CI ABBIAMO PRESO GUSTO (Malox e Cicloperpetuo)
I viaggi in bici, come noto, sono come le ciliegie, e uno tira l'altro.
I più puristi tra noi addirittura si spingono a ideare il prossimo viaggio mentre le battute finali del precedente sono ancora in corso.
Di vero c'è che questo modo di viaggiare ti invita a considerare tutto il mondo attorno a te come un immenso catalogo viaggi, in cui l'unico limite è la fantasia.

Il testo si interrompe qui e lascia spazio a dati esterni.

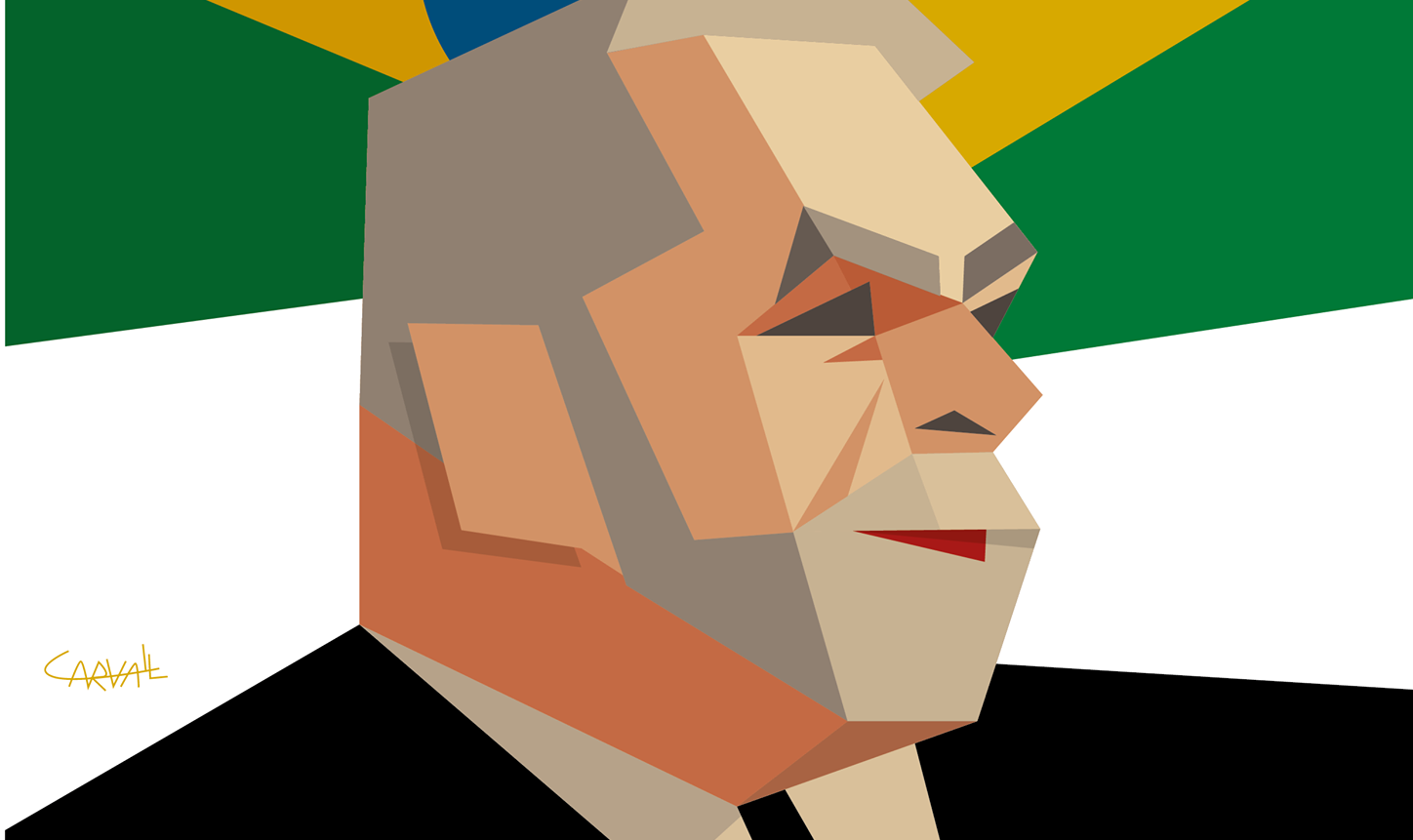 Ex-presidente Lula completa 75 anos nesta terça-feira (27/10)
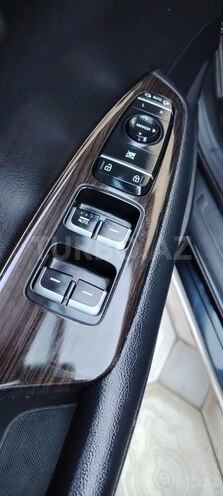 Kia K5 2016, 211,000 km - 1.7 l - Bakı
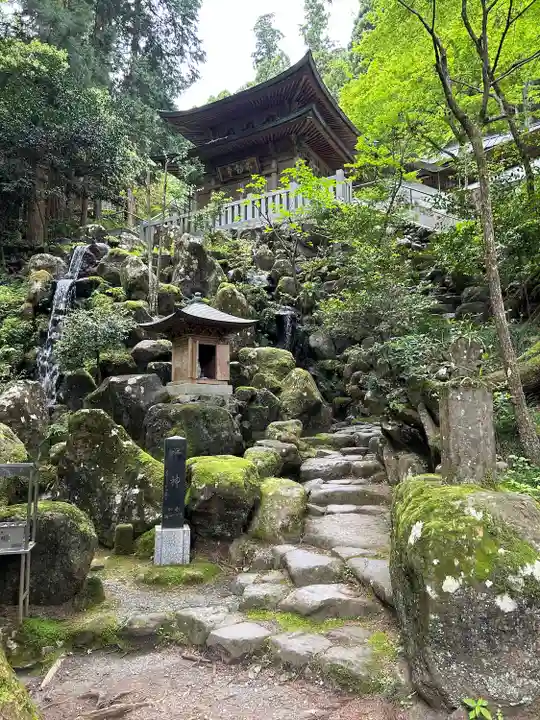 最乗寺(道了尊)(神奈川県)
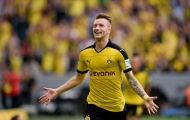 Mùa hè tiếc nuối của Arsenal: Hụt Marco Reus 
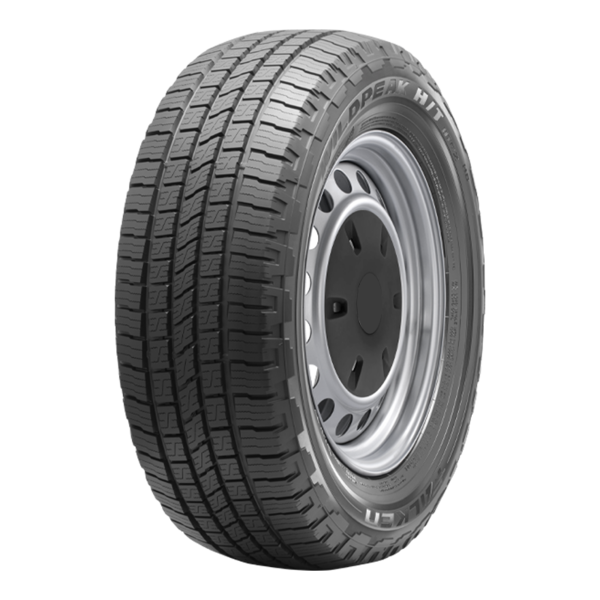 Falken WILDPEAK H/T HT02 HD  - Highway terrain 225/75R16C 121R E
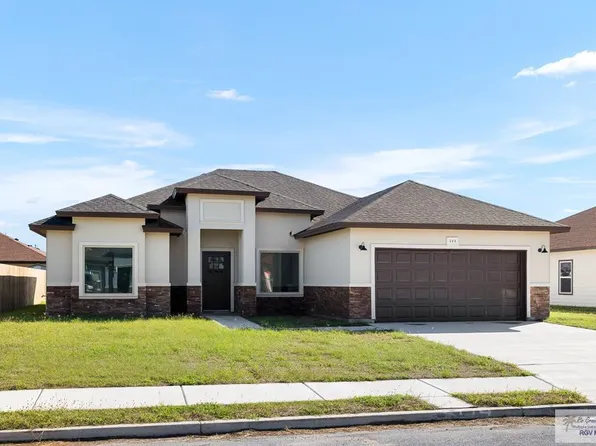 304 Aaron St, Mercedes, TX 78570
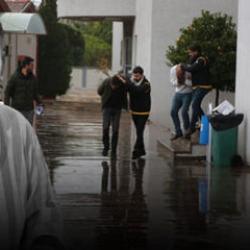 Ka&ccedil;ak sigara kargosu cinayetle bitti: 2 ş&uuml;pheli tutuklandı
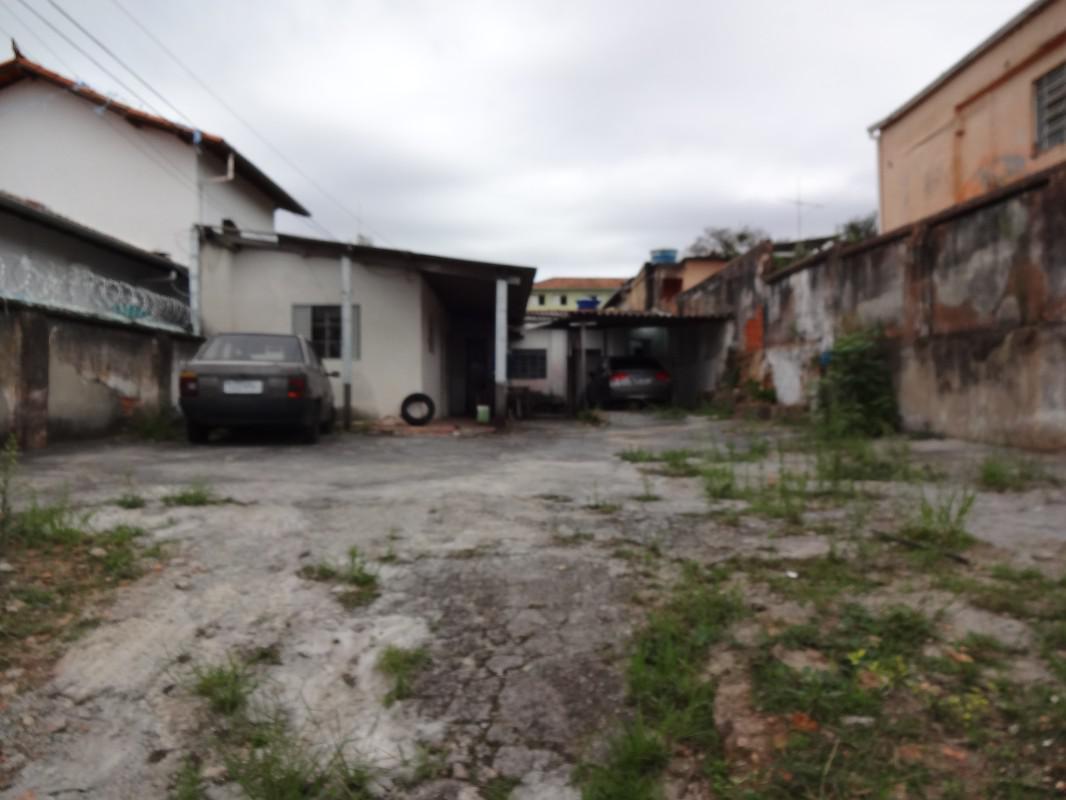 Lote, Santo André, 3 Quartos, 5 Vagas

Negli scorsi mesi, forse anche per esorcizzare una brutta avventura capitatami, abbiamo rispolverato una rutilante iniziativa sorta lo scorso anno, e mai concretizzatasi: partire da casa, a Milano, arrivare sulle Dolomiti, per poi scendere su Treviso, e infine approdare dalle parti di Jesolo/Cavallino Tre Porti prima di rintrare in treno.
Ora pare che, una volta definito l'itinerario, disinnescate tutte le trappole del tracciato, stabilite le tappe e addirittura prenotato un alloggio nel capoluogo della Marca, ci siamo proprio.
La marcia di avvicinamento è stata progressiva, con i contributi di entrambi accuratamente vagliati in più sessioni di birra con patatine; molto ha fatto la precedente esperienza di viaggio assieme in Valtellina.
La sensazione è di morbidezza, poco stress e molto raziocinio: tutte cose che, si sa, andranno simultaneamente e improvvisamente a gambe all'aria il momento in cui muoveremo il primo giro di pedale, per ricombinarsi in un qualche ordine solo dopo due/tre giorni di viaggio.
Alla fine abbiamo disegnato un tracciato di una settimana per circa 600 km in cinque tappe, con partenza prevista all'alba di lunedì 19 giugno.
Il primo tratto sarà di trasferimento col primo treno del giorno fino a Brescia, per poi puntare decisamente verso la montagna inanellando il Lago di Ledro, Riva del Garda, la Valle dell'Adige, Bressanone, Dobbiaco, la Ciclovia delle Dolomiti, Cortina d'Ampezzo, la già citata Treviso, Punta Sabbioni, Mestre e ritorno di nuovo in treno.
La percorrenza media delle prime giornate sarà un po' ambiziosa, con distanze di circa 95 km al giorno, alle prese con passi di montagna e pendenze varie, ragion per cui abbiamo deciso di riservarci una giornata di riposo a Cortina d'Ampezzo. Riposo relativo, naturalmente, perchè quel giorno vedremo di fare un'escursione a piedi dal Passo Tre Croci al Lago del Sorapis poi il Faloria e discesa in funivia.
In questi giorni stiamo revisionando l'attrezzatura e facendo elenchi vari di materiale utile e meno utile, acquistando quel che serve e calcolando pesi e volumi. Il Malox ha un po' litigato con le nuove cages da bikepacking, brillantemente adattate sulla sua forcella ma ancora bisognose di una coppia di borse impermeabili. Io, invece, resto fedele al setup da cicloviaggio classico (non faremo sigle-track ma paciose stradine asfaltate, tuttalpiù sterrate), con le mie quattro borse Ortlieb e bauletto da manubrio.
Per ultimo stiamo tenendo il lavaggio accurato della biga.